Yes. my ld.so.conf contains the right paths for blcr library.
>>3. Now, the tasks just continue. How do I induce faults here? If I kill
>> any of the tasks (the hello programs in this case), lamd thinks
>>that
>> the job is done and exits, cleaning up the context file as well.
>
>
> None of the LAM infrastructure should ever remove checkpoint files,
> except when replacing them with new ones (e.g., when you checkpoint a
> parallel job a second time).
There seems to be some problem with blcr as I get only one context file.
Does LAM/MPI depend on a particular version of blcr?
>>My question is, how do I induce faults? Should I kill lamd?
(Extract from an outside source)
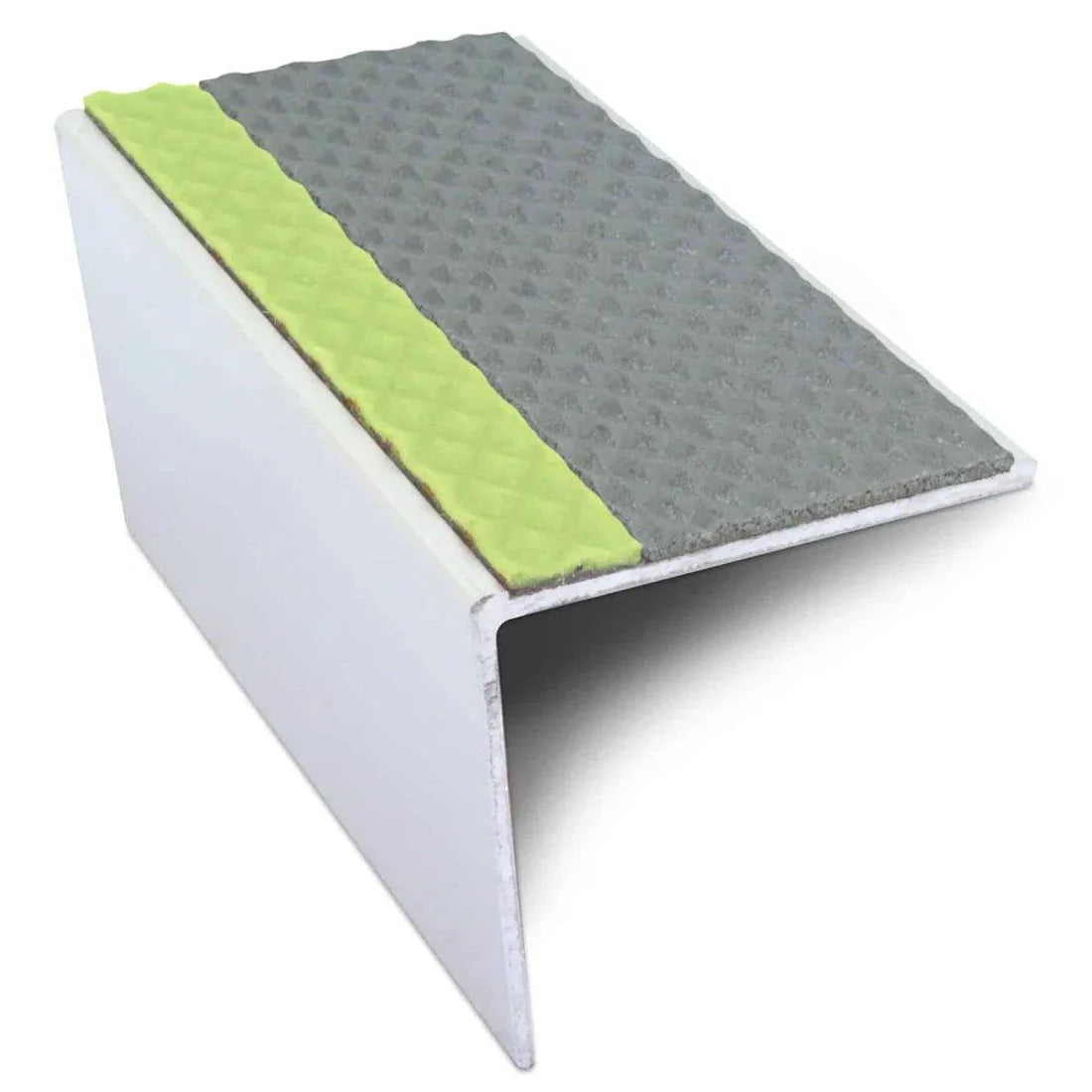 57 x 55mm TredSafe Aluminium Non Slip Stair Nosing with PVC Insert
Is there
>>anyway I can kill the process with lamcheckpoint, something like
>>lamcheckpoint --kill <mpirun pid>.
>
>
> LAM doesn't currently support such an option. Another way of doing it,
> however, would be to run lamcheckpoint and then lamclean.
>
>>4. How's the lamrestart supposed to be used? When I run lamrestart on
>> the context file generated, nothing happens. No new jobs in Torque,
>> no new processes on the machine. Can lamrestart submit the
>> (restarted) job back to Torque?
>
>
> No. lamrestart will only restart the LAM job. Hence, you must
> manually obtain a new Torque job and setup a new LAM universe (or
> re-use the old one) and then you can lamrestart the old job.
Let me get this straight. I lamcheckpoint the job, collect the context
files, run lamclean and run a new job that contains a lamrestart. Am I
right?
>>5. If I try cr_restart on the context file, I get a seg fault.
>
>
> I suspect that the problem is that you're not getting context files for
> all the parallel processes, and this leads to badness during the
> restart process. However, this could be due to BLCR itself failing.
>
> Are you able to checkpoint / restart serial processes?
Yes. Actually, I have integrated Torque+Maui with blcr as I am working
on some fault tolerance research. It would be great if I can checkpoint
LAM/MPI jobs as well.
--
Pradeep Padala
http://ppadala.blogspot.com
|